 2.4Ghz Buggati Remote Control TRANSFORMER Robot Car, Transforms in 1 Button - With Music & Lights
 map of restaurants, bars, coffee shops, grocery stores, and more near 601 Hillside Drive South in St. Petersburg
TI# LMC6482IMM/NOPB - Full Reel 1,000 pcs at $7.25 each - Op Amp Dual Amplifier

* * *

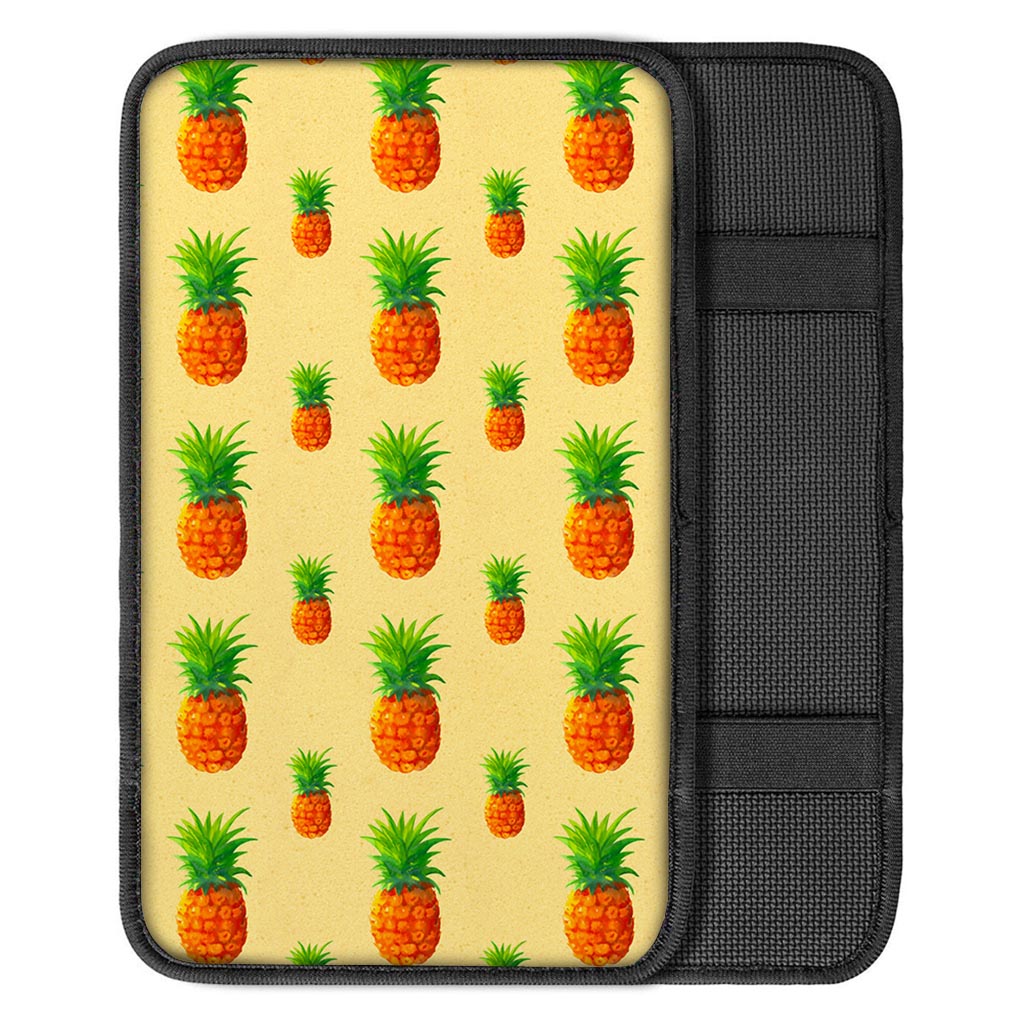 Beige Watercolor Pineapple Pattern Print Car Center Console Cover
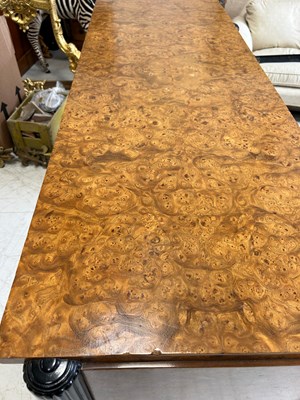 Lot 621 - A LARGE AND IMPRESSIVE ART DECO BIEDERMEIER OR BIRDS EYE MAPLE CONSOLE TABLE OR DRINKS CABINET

---

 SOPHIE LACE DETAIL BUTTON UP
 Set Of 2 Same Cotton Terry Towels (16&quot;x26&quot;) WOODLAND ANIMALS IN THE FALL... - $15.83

WHAT YOU NEED TO DO ->
Reproduce only the lines above, starting at the line with "2.4Ghz Buggati Remote" and ending at the line with "TI# LMC6482IMM/NOPB - Full", exactly as written.

TASK RESPONSE ->
 2.4Ghz Buggati Remote Control TRANSFORMER Robot Car, Transforms in 1 Button - With Music & Lights
 map of restaurants, bars, coffee shops, grocery stores, and more near 601 Hillside Drive South in St. Petersburg
TI# LMC6482IMM/NOPB - Full Reel 1,000 pcs at $7.25 each - Op Amp Dual Amplifier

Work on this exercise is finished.